Bill pre-filed to make daylight saving time permanent in Kentucky
We all know that you set your clocks forward an hour in the spring, and turn them back an hour in the fall. That could change in the future, if a bill pre-filed by two state representatives is passed.
The bill, sponsored by Representative Bart Rowland (R-Tompkinsville) and Representative Brandon Reed (R-Hodgenville), would make daylight saving time (DST), which currently begins in March and ends in November, permanent year-round throughout the Commonwealth.
That means there would be an extra hour of darkness in the morning in the winter, and an extra hour of daylight in the evening.
The bill would only kick in if Congress passes a federal law allowing states to observe DST year-round.
"Studies show that adding more light at the end of the day improves everything from traffic safety to crime and the use of electricity," said Rep.

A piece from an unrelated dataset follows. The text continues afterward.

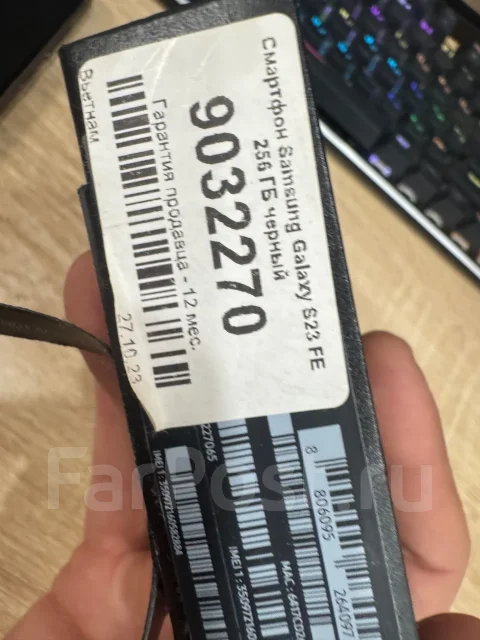 Samsung Galaxy S23 FE. �/�, 256 ��, ����� ����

Rowland. "I think it's time for Kentucky to join the conversation on whether or not we're willing to do away with the antiquated practice of changing clocks."
If the bill is passed during the 2020 General Assembly, Kentucky would joint more than a dozen other states that have passed similar laws. Florida was the first state in the nation to vote to make DST permanant in 2018, and Tennessee also recently enacted a bill to do so.
U.S. Senators Marco Rubio (R-Florida) and Rick Scott (R-Florida) have introduced legislation in Congress to make DST permanent across the country. According to a news release from the Kentucky House Majority Caucus, President Donald Trump has also endorsed the idea.
"With support from President Trump, red and blue states across America and many of my constituents, the time has come to make Daylight Saving Time permanent," said Rep. Rowland. "My constituents overwhelmingly support this proposal, and passing it will show the federal government exactly where Kentuckians stand on this issue."